Was Dale Earnhardt Jr. going to make a move on McMurray for the lead coming off of turn two on the final lap? Was he going to do it on the backstretch? Was he going to wait until the field was football fields from the finish line? How was McMurray going to defend it?
None of us know.
With McMurray in the lead on the final lap of Sunday's race at Talladega, the caution flag flew for a crash involving Austin Dillon and Casey Mears before Junior had a chance to make that move. On last-lap cautions, the field is frozen. McMurray was the winner.
"I don't know how the last lap would have played out," an emotional McMurray said in victory lane. "I could see the 88 trying to set me up and figure out where he could get a run on me but when I saw -- the caution came out behind me -- and honestly I wanted to end under green but at the same time I wanted a caution and I'm OK with it right now."
The race had made it to that point without a Talladega staple, the Big One, a wreck that encompasses a double digit number of cars. As many a NASCAR fan can attest, the longer a race goes without a Big One, the more inevitable it feels. But we still don't ever know if it'll happen until it happens.
Add in the jockeying for position that heats up over the final laps of a restrictor plate race, and when Dillon's car snapped around from third place in front of a whole pack of cars behind him, mass crashing immediately became a possibility.
But that didn't happen.
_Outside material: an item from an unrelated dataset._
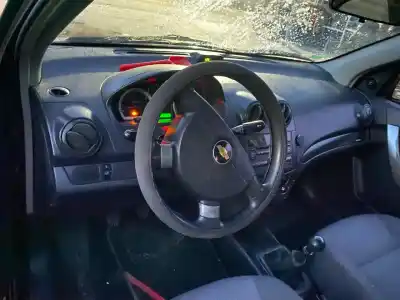 Sloopvoertuig chevrolet aveo ls van het jaar 2001 aangedreven f14d4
This Big One only meant severe damage for Dillon and Casey Mears, who clobbered Dillon's car so violently that it popped up into the air before it landed on its wheels.
While the timing benefitted McMurray, who took the lead with 15 laps to go and never relinquished it, the placement of the car crashing did too. The race's final pit stops came more than 25 laps from the finish, and over the last 10 laps, drivers were forced to move to a line on the high side of the track to manage their tires. Remember, Dillon was in third.
"I don't know -- the thing about the package we have now -- if you can get the third car in line to push the guy in second, it's hard to defend," McMurray said. "You just gotta try to make your car as wide as you can ... And then when they could never get the bottom line to form, I'm like it's going to come down to the first three or four cars."
But do you ever truly know? Both in NASCAR and at Talladega. Sunday's win was McMurray's first since October of 2010, a three-win season that included wins in the Daytona 500 and Brickyard 400. He missed the Chase that season, but the season looked to be the start of a fruitful partnership between McMurray and car owner Chip Ganassi.
Since then, the team has struggled, and McMurray's had just 15 top 10s in 108 starts. But in that time period, McMurray and his wife Christy have had a son and daughter. And there are signs of a turnaround on the track.
The team switched to Hendrick engines before 2013 and seven of those top 10s had come this season before Sunday, the first time that McMurray was able to celebrate with his wife and children in victory lane. He's now 14th in the standings, the same place he finished in 2010, and is signed with Earnhardt-Ganassi for 2014 to team with Kyle Larson.
Will the improvement continue? That too, we don't know. But isn't that why we all keep driving?